N'ENSEIGNAIT-T-ON QUE LE FRANÇAIS A L'ECOLE COLONIALE ?
Gérard Vigner  1@  
1 : Education nationale
Ministère de l'Education Nationale

Les premiers moments de mise en place d'une école à destination des enfants indigènes dans les colonies correspondent, approximativement, à la période d'instauration en métropole de l'école républicaine voulue par Jules Ferry, école dont le français était la langue exclusive d'enseignement (même si dans le texte des programmes de 1882 cette obligation n'a jamais été formulée en tant que telle). Et par un simple processus d'assimilation, on a pu croire que le souci d'imposer la langue du colonisateur dans tous les territoires de l'empire s'affirma identiquement. Or dans de nombreux débats, notamment ceux développés à l'occasion du Congrès colonial international tenu en 1889 à Paris[1], on peut constater aisément qu'il n'y avait nulle unanimité en la matière . L'instauration des bases institutionnelles d'un système scolaire colonial, organisé d'ailleurs selon des schémas variés dépendant du statut des territoires, ne s'est nullement traduite par un exclusivisme dont le seul français aurait tiré parti. Bien plus tard, les propos tenus par L.J. Calvet dans son ouvrage Linguistique et colonialisme[2]. Petit traité de glottophagie (Payot, 1979), contribuèrent, sur un malentendu, à concevoir cette politique coloniale comme entreprise visant à faire disparaître les langues vernaculaires des territoires considérés (voir Marie Salaün ,128)[3]. Or l'école coloniale ne fit disparaître aucune des langues présentes dans les territoires où elle s'implantait, et hormis quelques cas particuliers que nous évoquerons, elle s'attacha à maintenir l'enseignement d'un certain nombre d'entre elles, notamment les langues qui s‘appuyaient sur une culture écrite souvent ancienne, pensons ici à l'arabe en Afrique du nord (voir ainsi en Tunisie l'action conduite par Louis Machuel [4] ) et en Afrique noire dans les medersas et dans l'enseignement franco-arabe, pour partie au malgache à Madagascar, ou au coq ngu ou au cambodgien en Indochine . Nous entreprendrons ici une revue des langues enseignées dans les écoles coloniales, dans lesquelles nous incluons les écoles missionnaires (voir par exemple les actions engagées par la Société des Missions Evangéliques de Paris), territoire par territoire, du Maghreb aux territoires du Pacifique pour disposer d'une vision d'ensemble des politiques linguistiques ainsi mises en œuvre et nous interroger sur les raisons de cette mise en retrait partielle du français.

 


[1] Ainsi des interventions de Gustave Le Bon au Congrès colonial international de Paris, en 1889, séance du 31 juillet, ainsi que celle de Maurice Wahl. Paris, éd. Augustin Challamel ; plus tard celle de Léopold de Saussure à l'occasion Congrès international de sociologie coloniale tenu à Paris du 6 au 11 août 1900 « Moyens auxquels il convient d'avoir recours pour élever le niveau intellectuel et moral des populations indigènes », pp. 141-156, Paris, Arthur Rousseau.

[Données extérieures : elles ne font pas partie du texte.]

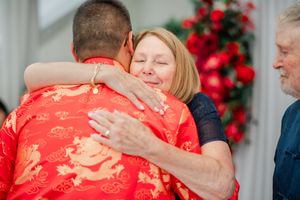 Woman smiling warmly while hugging a man in a red dragon print shirt at a wedding ceremony.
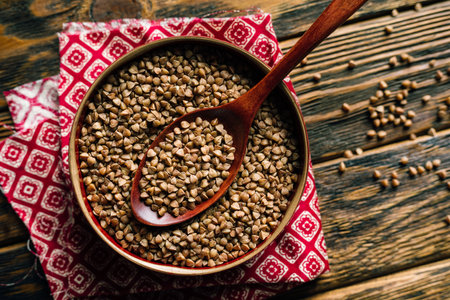 raw buckwheat in a bowl on a wooden background, top view. High quality photoの写真素材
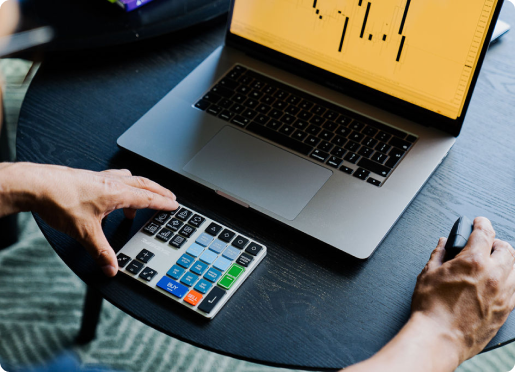 User operating the Riskeys Smart Trading Keypad next to a laptop displaying trading charts and data.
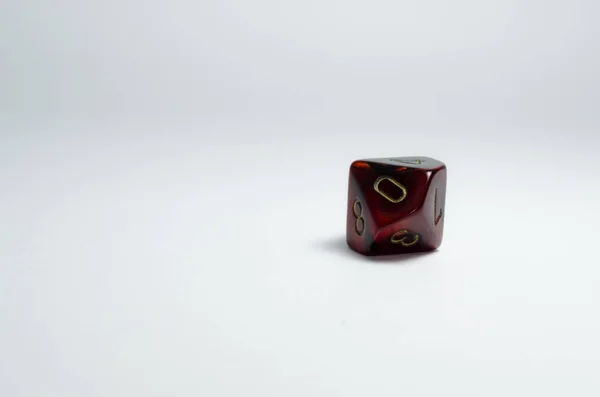 ten-sided dice, red, isolated on a white background with a small shadow. Number zero in focus. Dice of role playing game and dungeons and dragons.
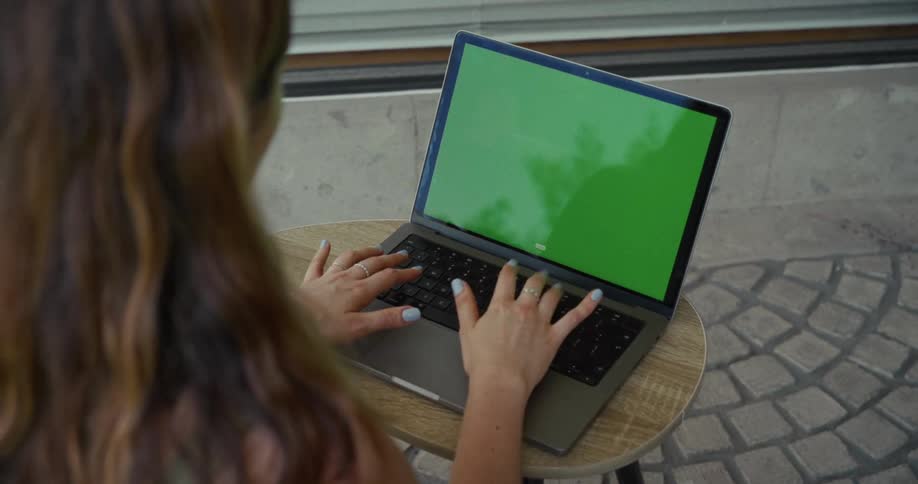 Over-the-shoulder view of a woman with long brown hair typing on a laptop with a green screen at a small table on a stone patio
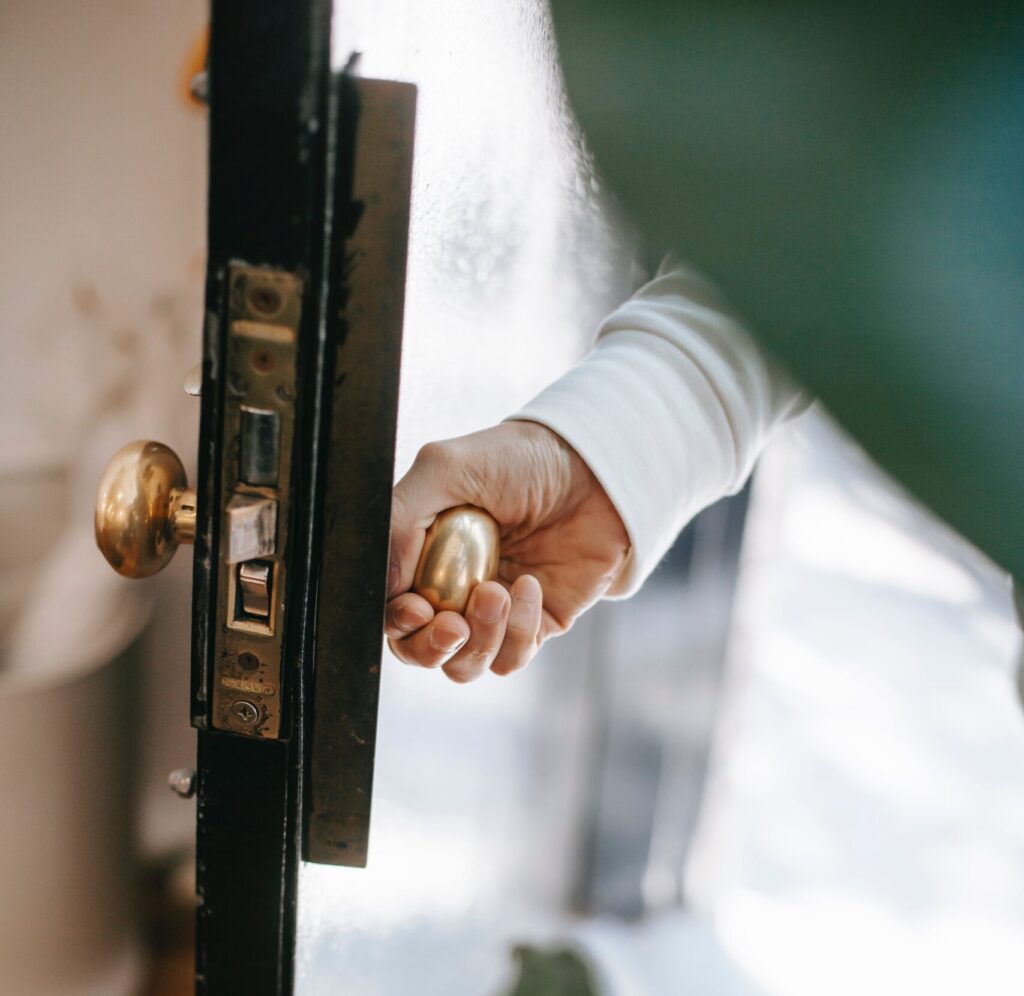 Een persoon die een deur opent met een sleutel.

[2] Calvet, Louis-Jean (1974) Linguistique et colonialisme. Petit traité de glottophagie, Payot, repris et commenté dans « Linguistique et colonialisme, 1974-2012 », un entretien avec Louis-Jean Calvet, in Glottopol, 20, 2012

[3] Salaün Marie (2010), « Un colonialisme glottophage ? L'enseignement de la langue française dans les écoles indigènes en Nouvelle-Calédonie (1863-1945) », Histoire de l'Education, 128.

[4] Yoshiko Sugiyama, Sur les mêmes bancs d'école : Louis Machuel et la rencontre franco-arabe en Tunisie, lors du Protectorat français (1883-1908), ANRT, 2007.